More comedy caper than crime drama, the title of John Ruane’s Death in Brunswick (1990) attests to the film’s violent premise and precise locale. A hapless chef (Sam Neill as Carl) gets inadvertently caught up in local turf wars featuring rival criminal factions of Turkish and Greek Cypriot extraction. The choice of these ethnic groups reflects a specific period in Melbourne’s immigration history in the same way that the eclectic criminal and asylum seeker community depicted in The Legend Maker exemplifies the changing face of Australian immigration in the intervening decades. In its idiosyncratic depiction of the Brunswick milieu, regular references to well-known local landmarks, and overt emphasis on the multicultural heritage of its criminal protagonists, Ruane’s entertaining and proudly parochial film offers yet another way of situating The Legend Maker. And while there are clear tonal distinctions between the two films, it is worth noting that Figg’s wry pronouncements on the value of arts degrees and eBay, Pringle’s droll choice of character names and use of the Australian vernacular evidences a restrained but effective brand of humour throughout.

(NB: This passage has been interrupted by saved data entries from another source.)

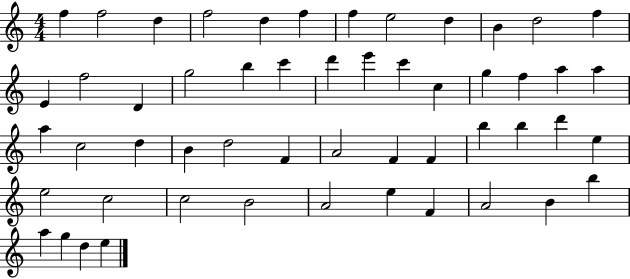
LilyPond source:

{
  \clef treble
  \numericTimeSignature
  \time 4/4
  \key c \major
  f''4 f''2 d''4 | f''2 d''4 f''4 | f''4 e''2 d''4 | b'4 d''2 f''4 | \break e'4 f''2 d'4 | g''2 b''4 c'''4 | d'''4 e'''4 c'''4 c''4 | g''4 f''4 a''4 a''4 | \break a''4 c''2 d''4 | b'4 d''2 f'4 | a'2 f'4 f'4 | b''4 b''4 d'''4 e''4 | \break e''2 c''2 | c''2 b'2 | a'2 e''4 f'4 | a'2 b'4 b''4 | \break a''4 g''4 d''4 e''4 | \bar "|."
}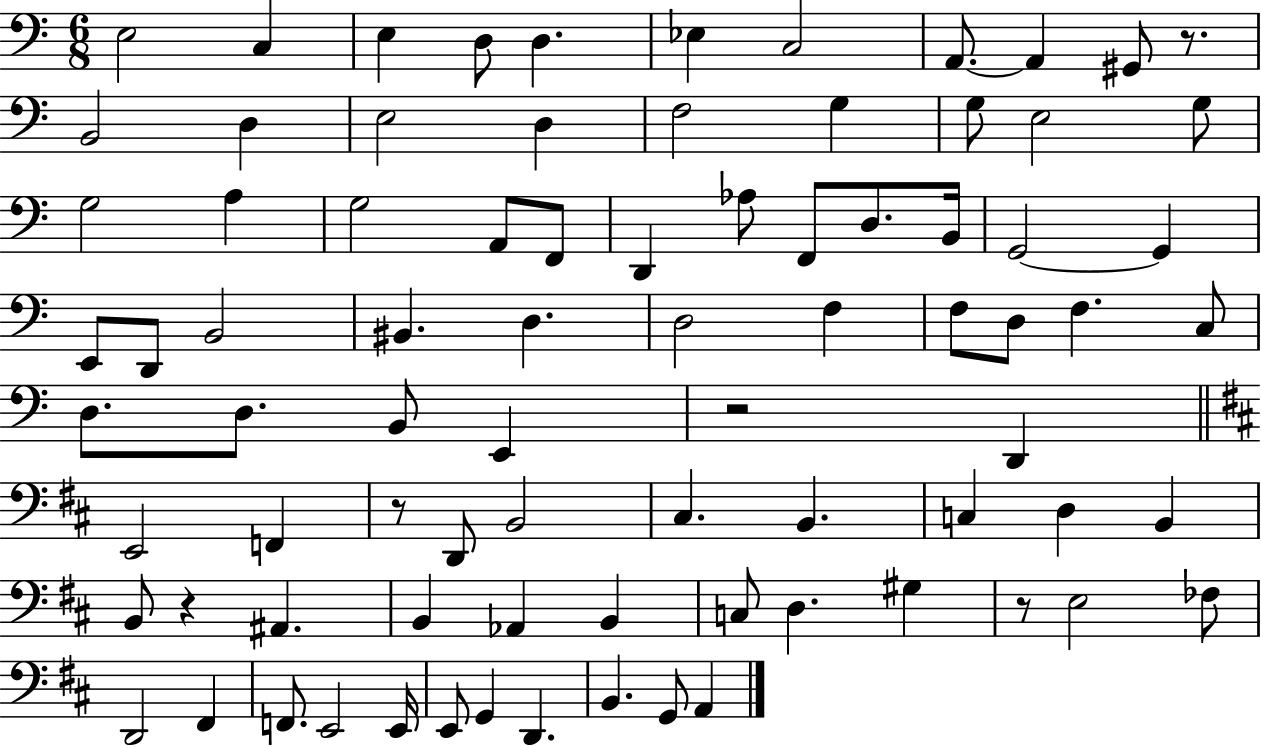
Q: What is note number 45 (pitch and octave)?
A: B2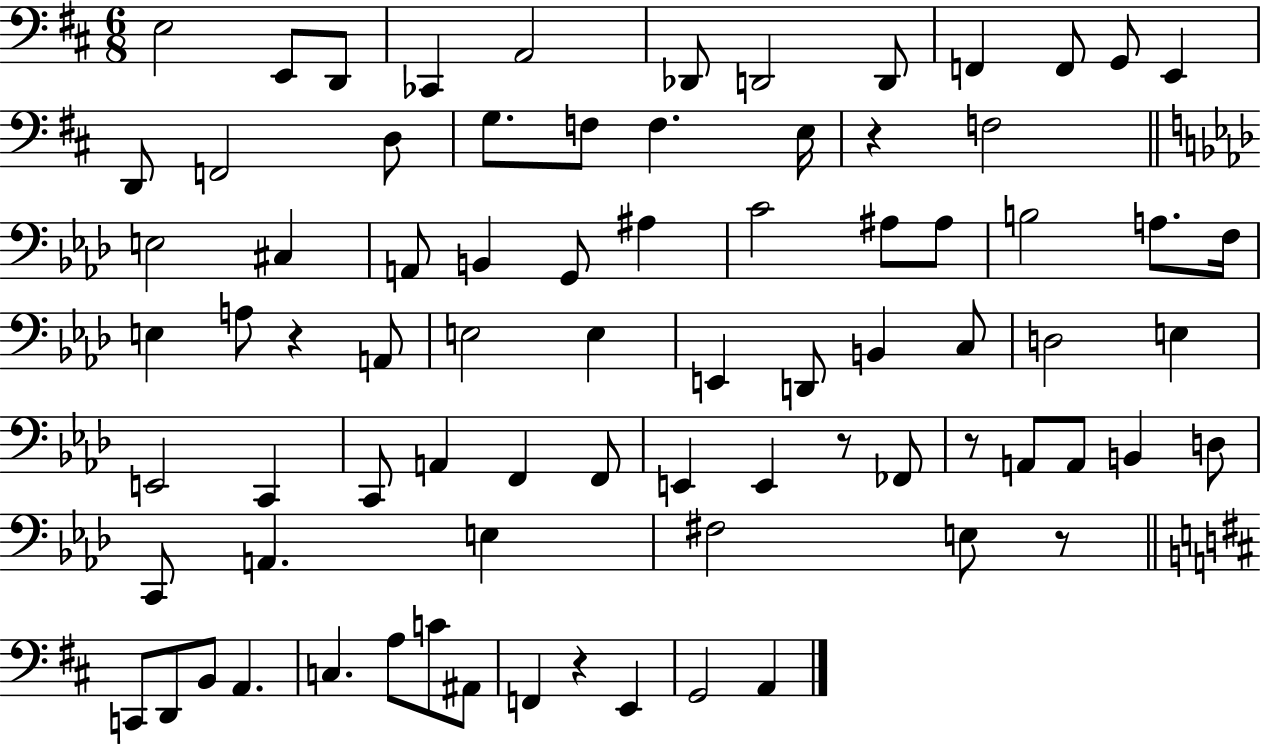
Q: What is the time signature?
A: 6/8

For a film clearly identified as a crime thriller, and unlike many of the aforementioned local examples of the genre, Ian Pringle’s The Legend Maker is notable for its relative absence of violence. Rather than exploiting the limited appeal of explicitly violent action, the film’s strength lies in its combination of a charismatic central character (Nikolakoplous is compelling in the lead role) and the insight it offers into the intriguing world of the forgery business. The latter is both a topical issue given the current concern around escalating individual and corporate identity fraud and a milieu rarely depicted on the big screen (4). The Legend Maker represents a welcome return to the big screen for Pringle and a considered contribution to the local true crime genre.
The Legend Maker will screen at the 2014 Melbourne International Film Festival on 6 and 16 August. You can purchase tickets at the MIFF website.

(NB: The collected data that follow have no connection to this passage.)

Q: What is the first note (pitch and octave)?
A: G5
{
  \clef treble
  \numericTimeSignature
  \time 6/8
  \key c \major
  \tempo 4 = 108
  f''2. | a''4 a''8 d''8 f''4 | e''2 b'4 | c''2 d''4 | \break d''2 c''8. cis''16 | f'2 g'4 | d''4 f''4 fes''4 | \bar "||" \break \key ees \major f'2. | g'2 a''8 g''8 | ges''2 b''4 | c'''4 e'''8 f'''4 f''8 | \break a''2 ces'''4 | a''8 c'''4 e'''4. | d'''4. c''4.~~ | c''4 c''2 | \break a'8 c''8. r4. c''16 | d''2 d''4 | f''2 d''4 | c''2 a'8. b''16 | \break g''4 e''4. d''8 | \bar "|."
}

1. The so-called Melbourne gangland wars took place between 1994-2005 in the inner metropolitan suburbs of Melbourne and featured a series of murders primarily involving the “Carlton Crew” and Carl Williams and his followers.
2. Interestingly, given the context for this discussion, the location for Lewis Moran’s murder is incorrectly identified on the Underbelly DVD cover as the Brunswick Club, Sydney Rd, “Carlton”, rather than Brunswick.
3. The idea of the fluidity of guilt and innocence as embodied in the central protagonists in the crime/thriller genre is perhaps best exemplified in many of the films of Alfred Hitchcock.
4. The history of cinema has featured a number of films that have tackled the theme of forgery, but most have focused on the production of counterfeit art or other cultural artifacts rather than the production of fake identity documents. Examples of the former include The American Friend (Wim Wenders, 1977) and The Ninth Gate (Roman Polanski, 1999).